There are many good reasons to own an iPhone: your social life might revolve around iMessage, you might value Apple’s emphasis on privacy, or perhaps you appreciate the quality of Apple’s displays and software experience. But the one thing that once exemplified Apple’s lead over the Android chasing pack, the iPhone’s camera, is no longer top of the list of reasons to want an iPhone. The iPhone camera has fallen behind, and it’s now something users tend to accept rather than anticipate.
Google came out with the Pixel camera in 2016 and raised the bar of expectation for mobile photography a couple of notches above the iPhone. HTC responded with the brilliant cameras in the U11 and U11 Plus. Then Huawei introduced a terrific night mode on the P20 Pro last year, besting the Pixel, only for Google to respond with Night Sight, which was a revolution for nighttime imaging. And now, Huawei has returned with an even better P30 Pro that steps ahead of Night Sight.
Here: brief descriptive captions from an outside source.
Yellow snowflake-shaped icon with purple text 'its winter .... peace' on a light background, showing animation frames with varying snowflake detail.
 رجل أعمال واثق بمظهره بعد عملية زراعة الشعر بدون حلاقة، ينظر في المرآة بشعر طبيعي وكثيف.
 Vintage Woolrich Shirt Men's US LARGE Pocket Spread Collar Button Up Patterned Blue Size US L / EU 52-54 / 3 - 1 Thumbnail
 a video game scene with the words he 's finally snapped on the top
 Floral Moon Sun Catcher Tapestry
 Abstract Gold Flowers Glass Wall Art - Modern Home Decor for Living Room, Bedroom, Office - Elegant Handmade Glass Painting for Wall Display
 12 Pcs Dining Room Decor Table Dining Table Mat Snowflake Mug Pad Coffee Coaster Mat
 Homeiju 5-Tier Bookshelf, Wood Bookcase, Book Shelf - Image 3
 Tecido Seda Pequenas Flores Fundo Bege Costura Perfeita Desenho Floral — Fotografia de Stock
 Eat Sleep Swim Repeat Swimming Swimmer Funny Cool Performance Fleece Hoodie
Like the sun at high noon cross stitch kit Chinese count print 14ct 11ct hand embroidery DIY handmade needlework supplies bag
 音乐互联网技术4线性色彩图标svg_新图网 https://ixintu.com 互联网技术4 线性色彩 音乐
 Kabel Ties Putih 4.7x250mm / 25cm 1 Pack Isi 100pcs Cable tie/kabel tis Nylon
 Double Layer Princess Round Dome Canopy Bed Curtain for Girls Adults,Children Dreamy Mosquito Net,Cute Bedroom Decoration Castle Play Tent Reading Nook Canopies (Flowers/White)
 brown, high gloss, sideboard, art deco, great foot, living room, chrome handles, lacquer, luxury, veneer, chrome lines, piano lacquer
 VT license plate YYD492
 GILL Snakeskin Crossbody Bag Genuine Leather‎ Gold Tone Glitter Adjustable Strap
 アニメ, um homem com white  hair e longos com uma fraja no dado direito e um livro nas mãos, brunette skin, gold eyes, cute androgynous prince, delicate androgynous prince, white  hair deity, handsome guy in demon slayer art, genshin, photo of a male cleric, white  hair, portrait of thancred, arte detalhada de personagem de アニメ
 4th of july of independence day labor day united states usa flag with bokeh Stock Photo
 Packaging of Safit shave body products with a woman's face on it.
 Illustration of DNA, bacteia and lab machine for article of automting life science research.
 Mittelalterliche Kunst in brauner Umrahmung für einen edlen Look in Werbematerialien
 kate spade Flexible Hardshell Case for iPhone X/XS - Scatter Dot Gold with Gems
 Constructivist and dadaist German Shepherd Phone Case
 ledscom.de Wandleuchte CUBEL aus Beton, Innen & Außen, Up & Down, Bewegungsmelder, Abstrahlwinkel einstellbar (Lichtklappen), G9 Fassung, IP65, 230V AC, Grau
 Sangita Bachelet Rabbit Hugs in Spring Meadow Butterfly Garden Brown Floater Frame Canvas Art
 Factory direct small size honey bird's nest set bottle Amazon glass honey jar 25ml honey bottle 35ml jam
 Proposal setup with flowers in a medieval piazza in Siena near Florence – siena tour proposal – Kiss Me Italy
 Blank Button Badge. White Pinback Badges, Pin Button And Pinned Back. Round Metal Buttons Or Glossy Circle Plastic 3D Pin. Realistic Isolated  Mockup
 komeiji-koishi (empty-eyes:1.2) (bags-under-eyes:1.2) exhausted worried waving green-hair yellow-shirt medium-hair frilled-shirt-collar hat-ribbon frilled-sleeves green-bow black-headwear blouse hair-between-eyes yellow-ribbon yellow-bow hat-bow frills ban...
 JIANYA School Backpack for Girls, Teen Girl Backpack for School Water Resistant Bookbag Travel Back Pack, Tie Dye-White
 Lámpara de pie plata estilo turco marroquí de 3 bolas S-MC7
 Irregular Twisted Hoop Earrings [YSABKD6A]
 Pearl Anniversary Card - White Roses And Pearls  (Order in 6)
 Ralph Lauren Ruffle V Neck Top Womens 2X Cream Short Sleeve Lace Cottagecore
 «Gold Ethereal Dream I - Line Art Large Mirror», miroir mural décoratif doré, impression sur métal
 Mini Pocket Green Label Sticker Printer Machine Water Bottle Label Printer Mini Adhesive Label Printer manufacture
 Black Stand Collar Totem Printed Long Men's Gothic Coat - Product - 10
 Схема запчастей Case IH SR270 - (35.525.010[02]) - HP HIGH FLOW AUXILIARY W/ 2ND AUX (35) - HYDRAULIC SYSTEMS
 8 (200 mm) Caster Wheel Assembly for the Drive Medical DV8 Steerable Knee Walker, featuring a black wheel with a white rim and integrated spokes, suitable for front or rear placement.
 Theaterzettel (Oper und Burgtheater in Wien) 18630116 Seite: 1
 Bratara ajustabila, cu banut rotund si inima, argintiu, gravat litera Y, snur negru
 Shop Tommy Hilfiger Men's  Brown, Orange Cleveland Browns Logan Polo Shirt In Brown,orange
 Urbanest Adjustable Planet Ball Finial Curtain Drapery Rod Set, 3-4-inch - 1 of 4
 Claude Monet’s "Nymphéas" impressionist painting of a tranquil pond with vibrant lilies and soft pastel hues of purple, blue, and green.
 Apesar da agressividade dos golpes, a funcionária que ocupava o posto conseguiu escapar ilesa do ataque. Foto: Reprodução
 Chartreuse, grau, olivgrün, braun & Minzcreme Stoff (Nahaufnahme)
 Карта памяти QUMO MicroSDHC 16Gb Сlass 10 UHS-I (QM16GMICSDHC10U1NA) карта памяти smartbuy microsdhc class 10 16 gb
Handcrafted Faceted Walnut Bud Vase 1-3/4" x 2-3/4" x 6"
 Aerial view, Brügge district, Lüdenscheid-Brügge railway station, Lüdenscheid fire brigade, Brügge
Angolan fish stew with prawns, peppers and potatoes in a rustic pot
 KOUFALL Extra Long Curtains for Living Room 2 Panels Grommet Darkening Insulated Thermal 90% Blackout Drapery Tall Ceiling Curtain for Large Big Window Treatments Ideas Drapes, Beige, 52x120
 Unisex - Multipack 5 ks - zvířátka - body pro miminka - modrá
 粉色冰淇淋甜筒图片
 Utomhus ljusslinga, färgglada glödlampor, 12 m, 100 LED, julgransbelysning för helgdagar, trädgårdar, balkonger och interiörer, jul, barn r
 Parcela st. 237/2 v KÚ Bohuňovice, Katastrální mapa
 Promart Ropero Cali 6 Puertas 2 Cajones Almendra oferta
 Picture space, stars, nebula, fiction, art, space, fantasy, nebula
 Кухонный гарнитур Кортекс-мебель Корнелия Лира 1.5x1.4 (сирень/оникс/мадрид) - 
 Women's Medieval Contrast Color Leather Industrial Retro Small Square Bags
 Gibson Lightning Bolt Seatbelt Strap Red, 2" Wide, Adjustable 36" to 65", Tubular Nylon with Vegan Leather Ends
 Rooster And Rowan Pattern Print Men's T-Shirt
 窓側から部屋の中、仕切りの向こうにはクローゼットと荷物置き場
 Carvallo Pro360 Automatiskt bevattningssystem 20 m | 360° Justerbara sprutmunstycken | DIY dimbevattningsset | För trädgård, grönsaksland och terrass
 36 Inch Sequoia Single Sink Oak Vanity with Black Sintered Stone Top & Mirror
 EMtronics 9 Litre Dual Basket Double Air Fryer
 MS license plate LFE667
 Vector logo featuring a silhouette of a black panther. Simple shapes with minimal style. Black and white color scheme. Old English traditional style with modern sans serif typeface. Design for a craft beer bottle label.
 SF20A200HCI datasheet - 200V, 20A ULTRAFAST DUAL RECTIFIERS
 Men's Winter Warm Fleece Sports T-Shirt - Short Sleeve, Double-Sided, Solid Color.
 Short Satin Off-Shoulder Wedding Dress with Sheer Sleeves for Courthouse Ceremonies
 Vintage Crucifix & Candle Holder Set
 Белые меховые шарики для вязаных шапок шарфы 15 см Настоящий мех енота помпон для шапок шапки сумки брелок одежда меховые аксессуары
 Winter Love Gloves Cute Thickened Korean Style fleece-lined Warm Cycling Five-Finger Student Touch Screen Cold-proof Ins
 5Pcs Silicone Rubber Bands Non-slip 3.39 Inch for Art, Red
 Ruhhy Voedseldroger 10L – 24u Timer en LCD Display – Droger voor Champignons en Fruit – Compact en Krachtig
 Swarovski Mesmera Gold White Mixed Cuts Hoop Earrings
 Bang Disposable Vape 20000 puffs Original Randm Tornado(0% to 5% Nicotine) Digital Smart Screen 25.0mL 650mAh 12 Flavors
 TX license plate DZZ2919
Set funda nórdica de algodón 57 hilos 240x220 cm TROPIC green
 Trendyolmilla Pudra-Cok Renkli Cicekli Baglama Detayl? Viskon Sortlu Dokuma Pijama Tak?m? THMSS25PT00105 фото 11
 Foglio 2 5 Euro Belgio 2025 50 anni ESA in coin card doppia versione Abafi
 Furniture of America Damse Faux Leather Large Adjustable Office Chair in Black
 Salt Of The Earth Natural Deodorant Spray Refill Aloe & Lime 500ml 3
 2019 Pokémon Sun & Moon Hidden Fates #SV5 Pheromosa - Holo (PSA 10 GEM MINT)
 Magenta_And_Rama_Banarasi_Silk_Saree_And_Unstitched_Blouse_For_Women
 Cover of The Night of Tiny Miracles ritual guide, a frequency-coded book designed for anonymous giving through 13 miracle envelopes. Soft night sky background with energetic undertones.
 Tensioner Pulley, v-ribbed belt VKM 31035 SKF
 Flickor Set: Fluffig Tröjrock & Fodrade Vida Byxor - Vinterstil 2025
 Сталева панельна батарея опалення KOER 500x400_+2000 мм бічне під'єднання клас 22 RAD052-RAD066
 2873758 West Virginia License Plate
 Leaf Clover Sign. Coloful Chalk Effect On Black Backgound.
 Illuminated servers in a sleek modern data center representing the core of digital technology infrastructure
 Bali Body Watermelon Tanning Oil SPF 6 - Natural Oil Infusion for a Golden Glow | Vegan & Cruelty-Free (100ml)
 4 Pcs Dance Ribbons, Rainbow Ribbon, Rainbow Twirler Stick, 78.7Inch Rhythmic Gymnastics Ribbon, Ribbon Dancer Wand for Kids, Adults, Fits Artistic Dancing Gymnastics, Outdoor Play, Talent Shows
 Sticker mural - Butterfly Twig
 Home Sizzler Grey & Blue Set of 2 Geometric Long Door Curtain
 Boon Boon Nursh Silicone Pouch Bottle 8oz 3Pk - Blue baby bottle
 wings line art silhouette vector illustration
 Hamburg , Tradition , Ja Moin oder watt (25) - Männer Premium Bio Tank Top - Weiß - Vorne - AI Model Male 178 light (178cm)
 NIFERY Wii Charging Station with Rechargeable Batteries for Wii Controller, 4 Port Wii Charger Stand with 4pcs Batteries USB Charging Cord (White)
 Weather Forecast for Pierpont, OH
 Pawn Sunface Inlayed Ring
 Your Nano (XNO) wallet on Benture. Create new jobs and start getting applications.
Come the autumn, the Pixel 4 is likely to push us even further into the age of unbelievable computational photography.
Where is the iPhone?
The technology industry is fast paced with competitors working on new designs and technologies all the time that push each other to better not only themselves but for their customers and with that in mind Vlad acknowledges that;
This could always be the quiet before the storm of new groundbreaking designs and innovations from Apple. I’ve been covering this company long enough to not be surprised by its ability to outdo everyone else when it really wants to. The AirPods, for instance, haven’t changed in large part because they were so far ahead of their time when they were first released.